EXTRACTED INFORMATION:

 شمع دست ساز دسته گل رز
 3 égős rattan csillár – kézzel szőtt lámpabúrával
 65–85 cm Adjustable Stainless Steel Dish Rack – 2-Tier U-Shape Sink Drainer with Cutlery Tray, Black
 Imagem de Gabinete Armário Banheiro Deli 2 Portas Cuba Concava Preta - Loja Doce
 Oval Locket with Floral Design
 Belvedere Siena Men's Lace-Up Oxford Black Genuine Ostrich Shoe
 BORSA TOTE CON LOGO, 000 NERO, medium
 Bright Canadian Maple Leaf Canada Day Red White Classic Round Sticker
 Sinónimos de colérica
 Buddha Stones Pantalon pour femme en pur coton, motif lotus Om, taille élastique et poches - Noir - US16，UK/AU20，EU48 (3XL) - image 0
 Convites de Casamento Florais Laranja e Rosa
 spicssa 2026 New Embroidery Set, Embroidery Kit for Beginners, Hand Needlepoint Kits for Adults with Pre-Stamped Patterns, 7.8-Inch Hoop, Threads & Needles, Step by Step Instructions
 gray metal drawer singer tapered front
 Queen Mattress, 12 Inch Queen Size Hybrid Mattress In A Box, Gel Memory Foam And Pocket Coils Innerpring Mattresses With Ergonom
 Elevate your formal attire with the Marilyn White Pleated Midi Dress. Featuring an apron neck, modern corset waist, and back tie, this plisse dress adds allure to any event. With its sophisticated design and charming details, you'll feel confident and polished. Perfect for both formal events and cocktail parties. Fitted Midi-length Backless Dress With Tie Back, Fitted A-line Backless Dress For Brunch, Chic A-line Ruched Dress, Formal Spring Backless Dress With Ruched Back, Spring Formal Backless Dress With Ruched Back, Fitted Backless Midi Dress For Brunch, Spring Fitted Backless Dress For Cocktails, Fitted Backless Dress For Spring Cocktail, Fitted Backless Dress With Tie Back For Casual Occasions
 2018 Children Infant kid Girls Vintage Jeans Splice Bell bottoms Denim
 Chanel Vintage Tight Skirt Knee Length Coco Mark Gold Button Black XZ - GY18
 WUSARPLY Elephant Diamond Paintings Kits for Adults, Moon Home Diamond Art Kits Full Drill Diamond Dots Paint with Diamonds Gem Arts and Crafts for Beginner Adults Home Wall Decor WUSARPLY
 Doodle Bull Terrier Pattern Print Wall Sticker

TASK DIRECTIONS:
Using the data above, print exactly the lines from the line that contains "BORSA TOTE CON LOGO, 000 NERO, medium" through the line that contains "Elevate your formal", with both included.

SOLVED PROBLEM:
 BORSA TOTE CON LOGO, 000 NERO, medium
 Bright Canadian Maple Leaf Canada Day Red White Classic Round Sticker
 Sinónimos de colérica
 Buddha Stones Pantalon pour femme en pur coton, motif lotus Om, taille élastique et poches - Noir - US16，UK/AU20，EU48 (3XL) - image 0
 Convites de Casamento Florais Laranja e Rosa
 spicssa 2026 New Embroidery Set, Embroidery Kit for Beginners, Hand Needlepoint Kits for Adults with Pre-Stamped Patterns, 7.8-Inch Hoop, Threads & Needles, Step by Step Instructions
 gray metal drawer singer tapered front
 Queen Mattress, 12 Inch Queen Size Hybrid Mattress In A Box, Gel Memory Foam And Pocket Coils Innerpring Mattresses With Ergonom
 Elevate your formal attire with the Marilyn White Pleated Midi Dress. Featuring an apron neck, modern corset waist, and back tie, this plisse dress adds allure to any event. With its sophisticated design and charming details, you'll feel confident and polished. Perfect for both formal events and cocktail parties. Fitted Midi-length Backless Dress With Tie Back, Fitted A-line Backless Dress For Brunch, Chic A-line Ruched Dress, Formal Spring Backless Dress With Ruched Back, Spring Formal Backless Dress With Ruched Back, Fitted Backless Midi Dress For Brunch, Spring Fitted Backless Dress For Cocktails, Fitted Backless Dress For Spring Cocktail, Fitted Backless Dress With Tie Back For Casual Occasions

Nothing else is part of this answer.